= Hachiun =

Brother of Genghis Khan

Hachiun (Хачиун, also known as Hachiun Alchi Хачиун Алчи, Qachi'un, Qachi'un-elchi; born c. 1166) was a full-brother of Genghis Khan and the third child of Yesugei and Hoelun. The Secret History of the Mongols specifies that "when Temujin was 9 years old, Hachiun was five years old." As a child he received a prefix "Alchi" to his name and therefore was referred to as Hachiun-alchi, or Alchidai (diminutive form of "Alchi"). He probably had a son whose name was Ilchidey (Iljigdei).
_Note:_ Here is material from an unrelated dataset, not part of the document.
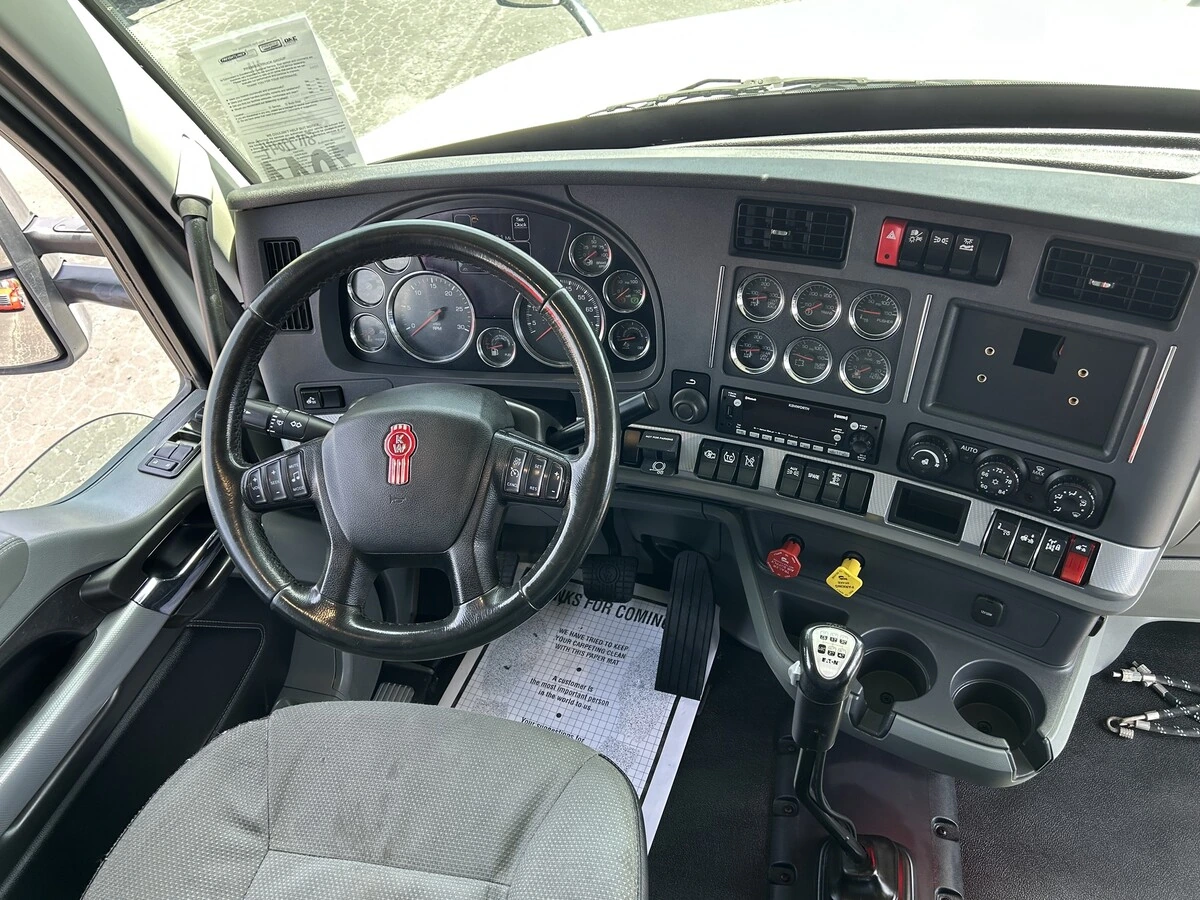 2022 Kenworth T880 — photo 6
If other brothers of Temujin, Hasar and Temuge, are frequently mentioned in the Secret History as devoted companions and supporters of the elder brother, the mentions of Hachiun are rare, not only in the accounts of political and public affairs, but also in regular dialogues of daily life. Therefore, there is an opinion that Hachiun might have died early as the chronicles describing the later affairs of Genghis Khan do not mention Hachiun. But he was still alive in 1207: when already a full-fledged ruler of the whole of Mongolia, Genghis Khan was arranging his state affairs, Hachiun received land possessions and subjects from his mighty elder brother the seventh in the hierarchy after their mother Hoelun and younger brother Temuge (as one household), 4 sons of Temujin and brother Hasar, in that order.

Hachiun was said to have very good relationship with his brother Hasar but a poorer one with Temüge. This might be due to preferential treatment of his younger brother in the form of land and power. Of all the brothers he might have had the firmest relationship with Temujin.